= Prompt =
Return the lines below exactly, starting with the line that contains "- 1380778のアパートメントにある、モダンな家具を備えたエレガントなデザインのリビングルーム Miami" and stopping after the last line.

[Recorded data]
====

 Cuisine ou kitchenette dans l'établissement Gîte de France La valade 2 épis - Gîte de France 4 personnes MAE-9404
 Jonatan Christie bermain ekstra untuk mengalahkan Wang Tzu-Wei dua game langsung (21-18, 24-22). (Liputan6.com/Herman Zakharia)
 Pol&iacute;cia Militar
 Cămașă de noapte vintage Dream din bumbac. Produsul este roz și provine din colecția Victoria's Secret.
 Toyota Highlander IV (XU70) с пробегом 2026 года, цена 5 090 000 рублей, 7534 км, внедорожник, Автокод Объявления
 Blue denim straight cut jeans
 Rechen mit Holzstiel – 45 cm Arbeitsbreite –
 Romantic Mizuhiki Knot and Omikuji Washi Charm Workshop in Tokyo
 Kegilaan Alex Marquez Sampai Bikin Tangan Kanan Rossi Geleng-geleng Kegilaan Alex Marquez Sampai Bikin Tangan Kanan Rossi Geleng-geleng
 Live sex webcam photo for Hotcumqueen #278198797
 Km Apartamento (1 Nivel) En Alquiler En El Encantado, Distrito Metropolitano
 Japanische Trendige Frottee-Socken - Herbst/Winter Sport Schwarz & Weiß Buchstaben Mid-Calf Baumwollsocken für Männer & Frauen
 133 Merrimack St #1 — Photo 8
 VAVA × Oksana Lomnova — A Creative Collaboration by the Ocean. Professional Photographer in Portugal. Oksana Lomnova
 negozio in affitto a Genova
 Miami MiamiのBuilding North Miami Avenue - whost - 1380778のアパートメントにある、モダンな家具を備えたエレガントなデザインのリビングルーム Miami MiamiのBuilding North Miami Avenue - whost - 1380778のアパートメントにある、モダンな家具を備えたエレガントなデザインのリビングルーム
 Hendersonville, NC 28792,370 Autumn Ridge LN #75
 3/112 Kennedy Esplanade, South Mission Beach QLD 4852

====

= Problem solution =
 Miami MiamiのBuilding North Miami Avenue - whost - 1380778のアパートメントにある、モダンな家具を備えたエレガントなデザインのリビングルーム Miami MiamiのBuilding North Miami Avenue - whost - 1380778のアパートメントにある、モダンな家具を備えたエレガントなデザインのリビングルーム
 Hendersonville, NC 28792,370 Autumn Ridge LN #75
 3/112 Kennedy Esplanade, South Mission Beach QLD 4852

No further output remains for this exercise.